Just as hearing certain songs can instantly transport us to times gone by; there are some cinematic experiences that will always contain the stamp of the film’s initial viewing. However, it’s more than just remembering the first time you saw a movie. Some films carry with them attributes that are almost impossible to describe, an “it factor” that serves as a perfect culmination of the movie’s content and where you happen to be in your own life. It’s a little cinematic synergy, if you will, that makes that particular flick special to you in ways that aren’t always easy to put into available words. It just clicks. You know them when you find them, and, as the film geeks we are, you cherish them deeply.
For me, Amy Heckerling’s Clueless is one of those movies.

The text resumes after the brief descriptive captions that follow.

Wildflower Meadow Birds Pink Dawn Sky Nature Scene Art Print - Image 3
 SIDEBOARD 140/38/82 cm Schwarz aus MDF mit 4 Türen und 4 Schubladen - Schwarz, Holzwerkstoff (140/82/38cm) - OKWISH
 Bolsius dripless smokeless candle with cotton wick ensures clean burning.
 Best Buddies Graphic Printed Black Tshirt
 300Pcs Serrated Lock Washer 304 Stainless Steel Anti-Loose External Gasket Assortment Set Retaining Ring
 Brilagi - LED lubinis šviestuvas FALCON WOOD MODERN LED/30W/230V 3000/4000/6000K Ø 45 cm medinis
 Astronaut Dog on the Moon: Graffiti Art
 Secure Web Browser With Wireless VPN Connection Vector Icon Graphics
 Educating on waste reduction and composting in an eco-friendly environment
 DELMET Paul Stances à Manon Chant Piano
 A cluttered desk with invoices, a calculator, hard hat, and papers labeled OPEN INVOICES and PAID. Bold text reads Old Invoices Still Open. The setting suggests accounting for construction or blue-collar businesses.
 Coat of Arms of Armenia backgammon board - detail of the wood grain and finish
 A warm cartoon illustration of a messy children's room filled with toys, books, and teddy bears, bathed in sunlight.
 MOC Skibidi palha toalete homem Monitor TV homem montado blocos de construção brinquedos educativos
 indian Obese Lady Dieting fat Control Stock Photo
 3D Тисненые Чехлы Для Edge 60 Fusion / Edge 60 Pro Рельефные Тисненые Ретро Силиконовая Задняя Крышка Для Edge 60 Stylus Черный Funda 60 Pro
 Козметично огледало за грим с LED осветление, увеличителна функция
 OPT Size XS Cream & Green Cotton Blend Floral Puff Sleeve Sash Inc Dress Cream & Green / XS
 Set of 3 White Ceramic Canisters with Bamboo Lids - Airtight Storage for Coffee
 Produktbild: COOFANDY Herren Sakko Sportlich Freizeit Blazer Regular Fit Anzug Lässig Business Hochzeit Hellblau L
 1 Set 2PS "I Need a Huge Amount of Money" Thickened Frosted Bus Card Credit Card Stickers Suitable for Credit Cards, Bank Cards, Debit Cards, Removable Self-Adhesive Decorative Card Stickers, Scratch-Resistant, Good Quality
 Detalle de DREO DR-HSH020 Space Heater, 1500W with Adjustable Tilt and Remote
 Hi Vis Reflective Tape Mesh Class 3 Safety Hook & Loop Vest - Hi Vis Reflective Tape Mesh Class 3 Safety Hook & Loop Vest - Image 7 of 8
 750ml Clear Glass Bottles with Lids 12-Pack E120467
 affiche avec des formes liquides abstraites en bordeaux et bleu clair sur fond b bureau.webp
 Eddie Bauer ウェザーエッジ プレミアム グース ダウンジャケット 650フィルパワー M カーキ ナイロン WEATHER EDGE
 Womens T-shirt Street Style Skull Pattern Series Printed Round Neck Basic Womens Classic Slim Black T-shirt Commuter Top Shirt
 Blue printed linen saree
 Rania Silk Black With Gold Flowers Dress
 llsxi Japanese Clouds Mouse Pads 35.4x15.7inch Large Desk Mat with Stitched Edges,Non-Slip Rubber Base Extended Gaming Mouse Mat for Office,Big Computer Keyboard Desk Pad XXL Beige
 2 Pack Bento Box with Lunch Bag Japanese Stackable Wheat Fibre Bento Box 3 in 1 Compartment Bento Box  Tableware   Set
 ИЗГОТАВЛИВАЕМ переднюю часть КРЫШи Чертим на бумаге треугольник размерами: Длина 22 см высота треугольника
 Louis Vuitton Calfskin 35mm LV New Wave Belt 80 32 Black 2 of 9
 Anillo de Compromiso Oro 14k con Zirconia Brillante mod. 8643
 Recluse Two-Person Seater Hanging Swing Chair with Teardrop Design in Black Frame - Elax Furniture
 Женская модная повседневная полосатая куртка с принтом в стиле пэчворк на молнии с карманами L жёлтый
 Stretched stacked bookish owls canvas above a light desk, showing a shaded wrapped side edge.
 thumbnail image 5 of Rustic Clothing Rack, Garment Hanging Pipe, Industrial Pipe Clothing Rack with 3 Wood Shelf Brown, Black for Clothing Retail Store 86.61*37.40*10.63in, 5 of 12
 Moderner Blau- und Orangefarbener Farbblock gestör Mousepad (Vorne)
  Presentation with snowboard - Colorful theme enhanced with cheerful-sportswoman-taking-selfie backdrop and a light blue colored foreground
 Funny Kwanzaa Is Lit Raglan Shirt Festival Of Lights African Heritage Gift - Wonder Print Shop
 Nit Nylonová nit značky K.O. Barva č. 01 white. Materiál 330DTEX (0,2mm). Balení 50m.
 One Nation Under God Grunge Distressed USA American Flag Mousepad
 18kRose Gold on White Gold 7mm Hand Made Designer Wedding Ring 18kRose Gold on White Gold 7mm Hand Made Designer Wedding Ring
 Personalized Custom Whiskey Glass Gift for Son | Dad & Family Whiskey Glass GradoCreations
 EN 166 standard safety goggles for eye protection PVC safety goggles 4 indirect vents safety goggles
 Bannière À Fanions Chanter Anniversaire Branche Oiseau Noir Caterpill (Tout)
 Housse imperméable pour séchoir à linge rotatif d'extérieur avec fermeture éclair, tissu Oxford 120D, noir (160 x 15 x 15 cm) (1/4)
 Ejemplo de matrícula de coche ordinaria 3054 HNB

In the summer of 1995, my family had taken a brief respite to the small city of Flagstaff, Arizona. I remember distinctly that it was the month of July, because it was that long stretch of the season that tends to be almost creepily hot. When I wasn’t spending my time by the pool or trying to raise money to buy a new Super Nintendo game, I was most typically glued to MTV. I know it may seem weird to the kids of today, but the once proud network had not yet slipped into the reality TV abyss and was still pumping out some pretty hip content. Even as a kid, I wasn’t particularly one to fall for ad campaigns or the latest trends, but somewhere in the midst of Road Rules reruns and Blind Melon videos, I started to take notice MTV was aggressively promoting this teen flick about a Beverly Hills mallrat.
After about a week of getting inundated with Alicia Silverstone (who I had previously only known as “that Aerosmith girl”), I caved and cajoled my mom into taking me to Flagstaff’s little theater to see the movie.
…and dare I say? It was love at first sight.